Your closest family members may have a right to claim a portion of your estate. Some very close family members —meaning a surviving partner and occasionally children or grandchildren—have the right for claiming an inheritance, and in some situations, this can outweigh what was declared in your will. Below is how it works.
Community Property States
The community property states— California, Arizona, Idaho, Louisiana, Nevada, New Mexico, Texas, Wisconsin, and Washington state—have their own regulations concerning what spouses own and are able to claim. (In Alaska, spouses also can sign an agreement devising community property, and in Tennessee, Kentucky, and South Dakota, spouses can devise a special community property trust.) essentially, each spouse systematically owns half of what either one earned throughout the marriage, unless they have a written agreement that says otherwise. Each spouse can do whatever they like with their own half-share of the community property and with their separate property.
In all other states, there is no regulation that property obtained throughout marriage is owned by both spouses. But to safeguard spouses from getting disinherited, a lot of these states provide a surviving spouse the right to claim 1/3rd to 1/2 of the deceased spouse’s estate, regardless of what the will says. In some states, the amount the surviving spouse can claim is subject to how long the spouses were married. These conditions start only when the surviving spouse goes to court and claims their portion permitted by law. When a surviving spouse does not oppose to receiving less, the will is going to be respected as written.
Example of How Spousal Share Works
Sophia’s will leaves $90,000 to her 3rd husband, Freddy, and divides the rest of her property, totaling just about $600,000, between her 3 daughters from previous marriages. If Freddy is content with his inheritance, everything is going to go according to Sophia’s plan. But if Freddy wishes for more, he can claim a portion of Sophia’s estate—and get considerably more than $90,000. If he does, Sophia’s three daughters are going to take what’s left. When you do not plan on leaving at least 1/2 of your property to your spouse from your will and haven’t provided for your spouse liberally outside of it, you should speak with a lawyer unless your spouse voluntarily agrees, in writing, to your plan.
The Rights of Ex-Spouses
In most states, getting divorced automatically nullifies gifts made to an ex-spouse through your will. But as a cautionary measure, if you do get divorced, create a new will that nullifies the old one. Then you can just leave your ex-spouse out of your new will.

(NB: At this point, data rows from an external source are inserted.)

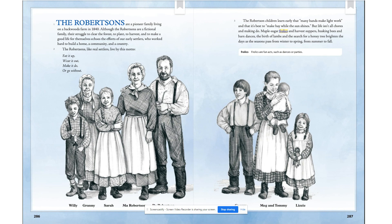Eat it up, wear it out, make it do, or go without. The Robertson children learn early that many hands make light work, and that it's best to make hay while the sun shines. But life isn't all chores and making do. Maple sugar frolics and harvest suppers, husking bees, and barn dances. The birth of lambs and the search for a honey tree brighten the days as the seasons pass from winter to spring, from summer to fall.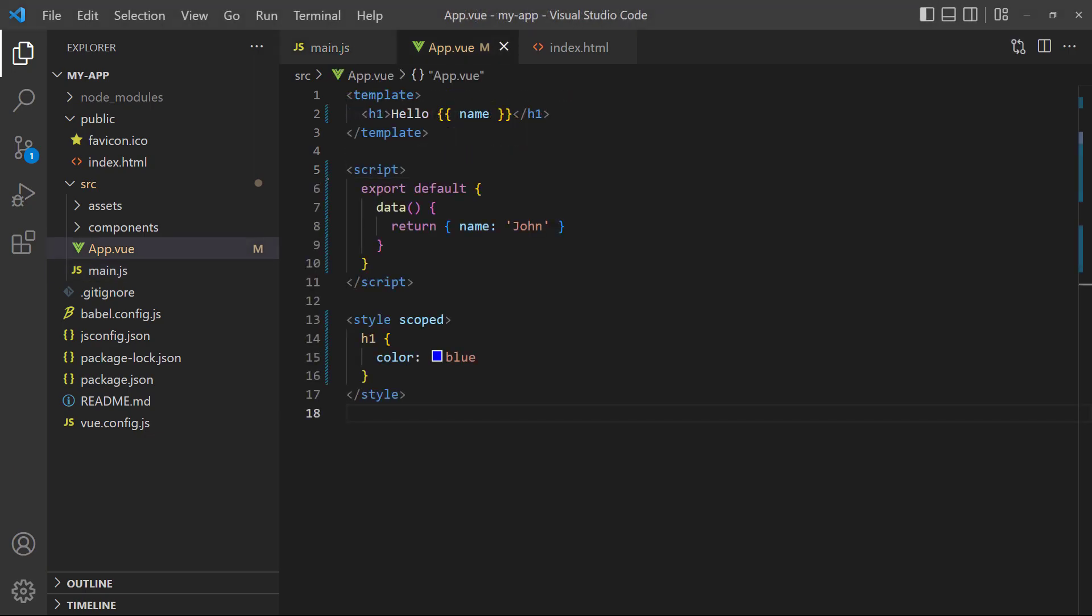As mentioned earlier, the Vue app configures a component with a config object. This is simply an object that holds a component's data, methods, computed properties, and so on.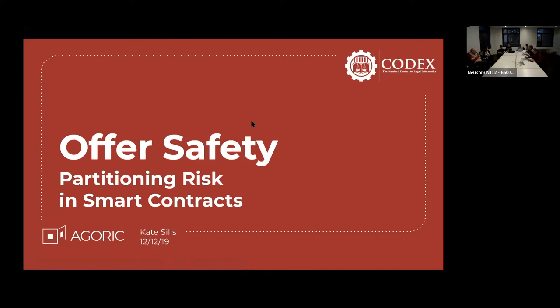A broad spectrum of electronic rights, both fungible, non-fungible, exclusive, shared, and others. And I'll turn it over to you, Kate. All right. Well, thank you so much for the intro.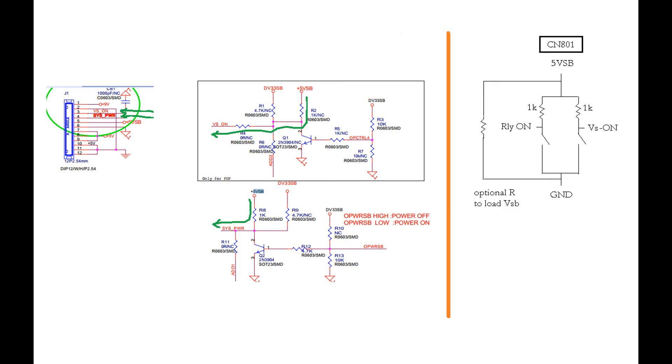In order to test the power supply board we connect two switches to the leftmost connector on the board. This will allow us to turn on the relay and VS separately.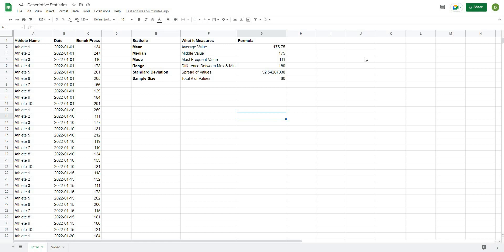In this video, I'm going to show you how to use Google Sheets to calculate descriptive statistics for your data. This is going to be a really powerful trick whenever you're going to start any sort of analysis and need to calculate these statistics. So let's get after it.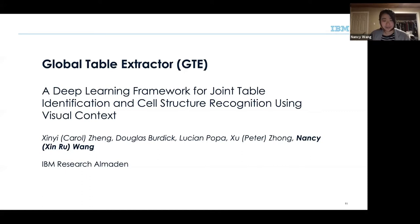We call our system Global Table Extractor, and it uses a deep learning framework for joint table identification and cell structure recognition using visual context. The visual context is what gives the name 'global' in our Global Table Extractor.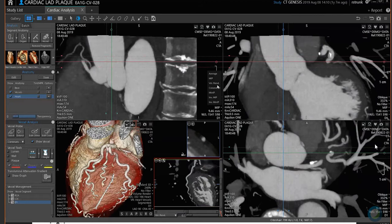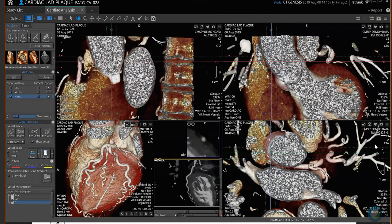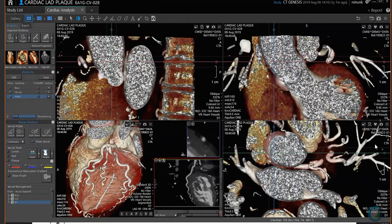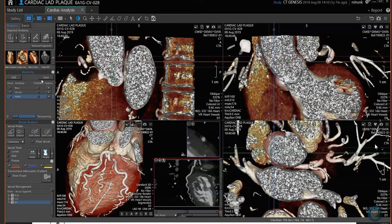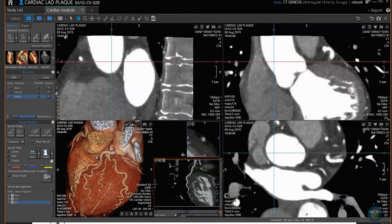MIP is a maximum intensity projection — you'll notice no difference when you're at 1mm, but when you get thicker, all the bright structures are projected outward, so it's really looking at anything with the highest Hounsfield units.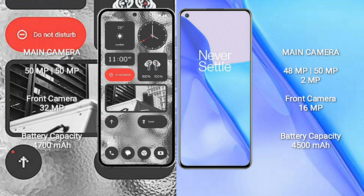Nothing Phone 2 has a rear dual camera setup of 50MP plus 50MP and a front camera of 32MP. OnePlus 9 has a rear triple camera setup of 48MP plus 50MP plus 2MP and a front camera of 16MP.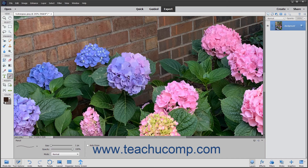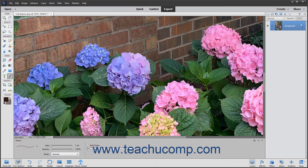The pencil tool has many of the same options as the brush tool but cannot be used as an airbrush. There is an additional option in the tool options bar for the pencil tool, and that is autoerase.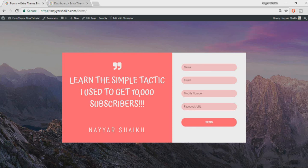Hey, what's up guys. This is Airshake from blogdood.com and in this video I'm going to show you how you can create awesome forms using the Elementor plugin. I have already created two different examples for you so that you can understand how this plugin and widget works, how powerful it is, and what you can make with it.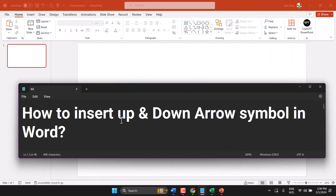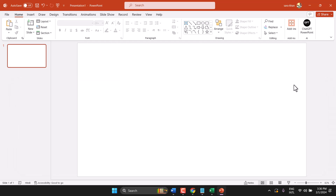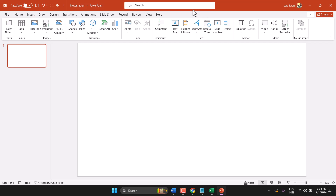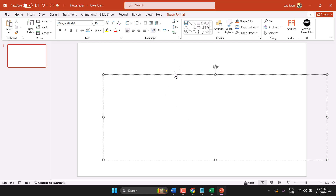Hello friends, in this video I will show you how to insert an up and down arrow symbol in PowerPoint. Open your PowerPoint, click anywhere, and click on Text Box, then draw your text box.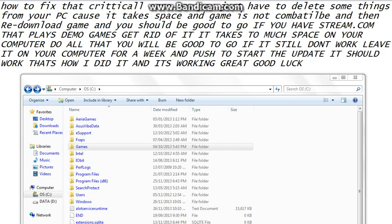How to fix that critical error. Now you just have to delete some things from your PC because it takes space and game is not compatible and then re-download game. You should be good to go. Here it is. If you have stream.com that plays demo games, get rid of it.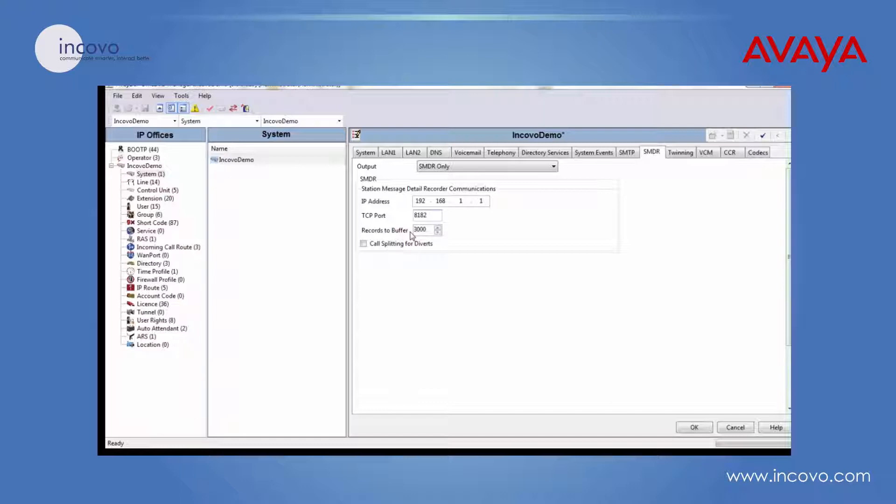Records to buffer - the maximum records that can be buffered is 3000. If you lose your link to your call logging application, the IP office will store the SMDR records until the link has been reinitialized. If the link has not been reinitialized once the limit has been reached, the system will override the oldest record and replace it with the newest ones.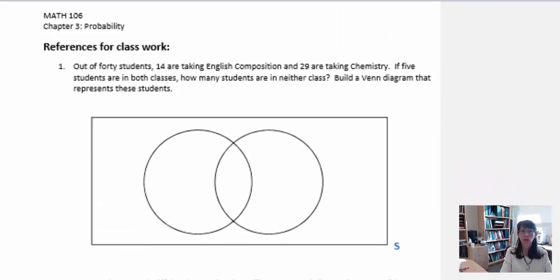The examples we're going to do today will talk about the union, intersection, and complements. We'll be using Venn diagrams to illustrate how these concepts work.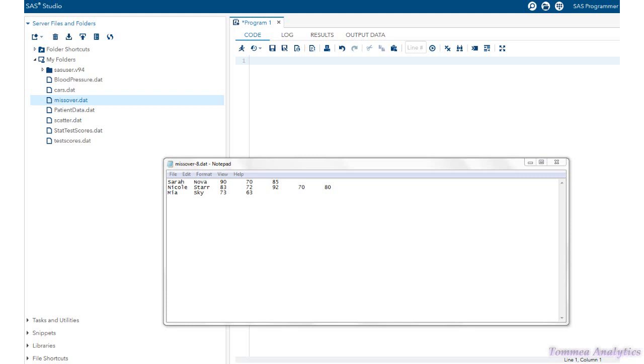Okay, in order to understand the missover option, I'm going to first explain the file that I have here. We have first name, last name, and what are supposed to be five different test scores for each person.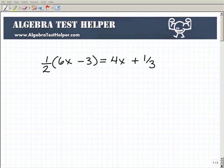Another math video from AlgebraTestHelper.com, and what we're going to do here is an equation that involves some fractions. This is going to be a pretty basic or introduction type of problem. We're going to do a ton more, so please make sure you come by AlgebraTestHelper.com and get all that free help we're giving to the world, all designed to make math easier to learn.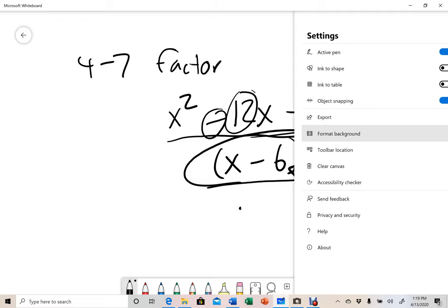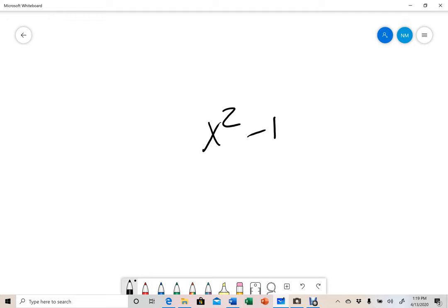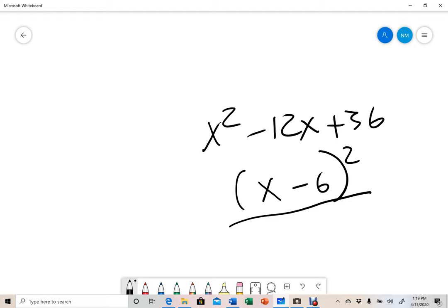So questions 4 through 7 will look like x squared minus 12x plus 36, and you're going to factor this into x minus 6 squared. That is your answer. There are four of those — factoring each completed square.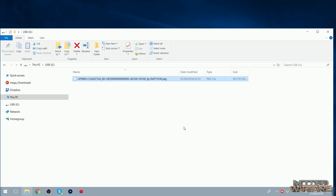For this example I'm going to do Horizon Zero Dawn — a game I already have as a package file on my USB from when I initially installed it — and Call of Duty Ghosts, which I don't have a package file for. App-to-USB will copy Ghosts from the hard drive to the USB, but for Horizon Zero Dawn it will detect the package file already on the USB and skip copying it, saving a lot of time since copying via app-to-USB is very slow.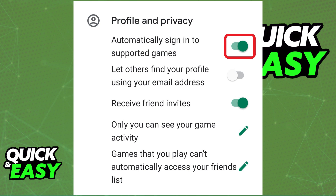Within Settings, scroll down until you reach Profile & Privacy and toggle the Automatically Sign In to Supported Games switch on by tapping it on the right side of your screen.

Children’s Right to Inherit
By and large, children do not have a right of inheriting anything from their parents. In certain limited cases, nevertheless, children may be allowed to claim a portion of a deceased parent’s property. For instance, Florida statutes forbids the matriarch/ patriarch of a family from leaving their residence to anyone aside from a spouse or minor child if either is still living. Many states do have statutes for safeguarding against an unintentional disinheritance. These statutes usually start when a child is born following the parent making a will that is going to leave property to brothers and/ or sisters, and the parent fails to revise the will to include that child. The law assumes that the parent did not plan to exclude the newest child, but just did not get around to rewriting their will. In that situation, the excluded child could have a right to a considerable portion of the parent’s assets. In many states, these statutes apply not just to children, but additionally to any grandchildren of a child that has passed away. When you choose to disinherit a child, or the son or daughter of a deceased child, your will must undoubtedly affirm your intention. Also, when you have another child following you creating your will, don’t forget to create a new one.